13 January, 2006

The Local Brothel

My mother grew up on a farm and has always embodied the no-nonsense approach to life that comes from getting up at 4am to milk cows and gather eggs. She's proud of always keeping her promises and never lying to her children. Because of her practice of always telling the truth, whenever I asked innocent questions about prurient subjects, I always got a cut-to-the-chase answer. Although, of course, it was tailored to my age and experience, and left me with the impression that sexual interaction was sort of an overlarge game for whacky grownups who had nothing better to do.

Our local brothel was (inconveniently) named "The Doll House", so I always wanted to stop there. It was on the way into the city, so we'd drive by it occasionally. Each time we passed, I begged to go inside. I imagined rooms filled with tiny furniture, miniscule plastic foods and dolls from around the world. It seemed like a sort of thing well-suited to a five-year-old. My mother--who presumably regretted the fact that I could read when I was two and therefore knew what the sign said--finally had to shatter my notion of children's utopia.

"They don't sell dolls there, Kathy." I, of course, did not believe this. Why call it "The Doll House" otherwise? Pretty stupid, if you ask me. When I told her as much, I got the response that loomed large in my mind for the next five years. "It's a place where men pay money to see ladies without their clothes." That shut me up, if only to ponder the larger consequence of this new (to me) avenue of commerce. I knew Daddy was a lawyer and Mommy was a teacher who stayed home to take care of the babies that kept showing up. I had no IDEA that being naked for people was an actual job. In my mind they were all standing naked behind cash registers, and you had to give them a quarter to come around to the front of the counter. It seemed stupid to waste your allowance on something you couldn't even take home with you.

From that point on, The Doll House became my mortal enemy. I felt personally betrayed by their choice of business names. If they wanted to be naked for men, then I thought it was only fair to call it The Naked Lady House. That seemed to make more sense, and wasn't so misleading to little girls. Ten years later the nudie franchises came to town and Deja Vu put our little homegrown brothel out of business. At least their name was more accurate.

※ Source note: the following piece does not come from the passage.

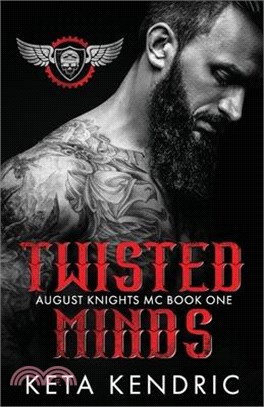 Twisted Minds Book #1: The Twisted Series (August Knights MC)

If you've seen one naked lady, you pretty much know what you're looking at.


At 11:30 AM, January 13, 2006, Blogger Exador said...

To steal from Ron White,

If you've seen one woman naked,
you want to see 'em all naked.

I guess you were too young to understand that it's only after you take them home with you that they get really expensive.

At 12:28 PM, January 13, 2006, Blogger Lee said...

Kinda similar.

There was a club in town called The Toy Tiger. I thought it was a toy store. It was actually a white trash hangout.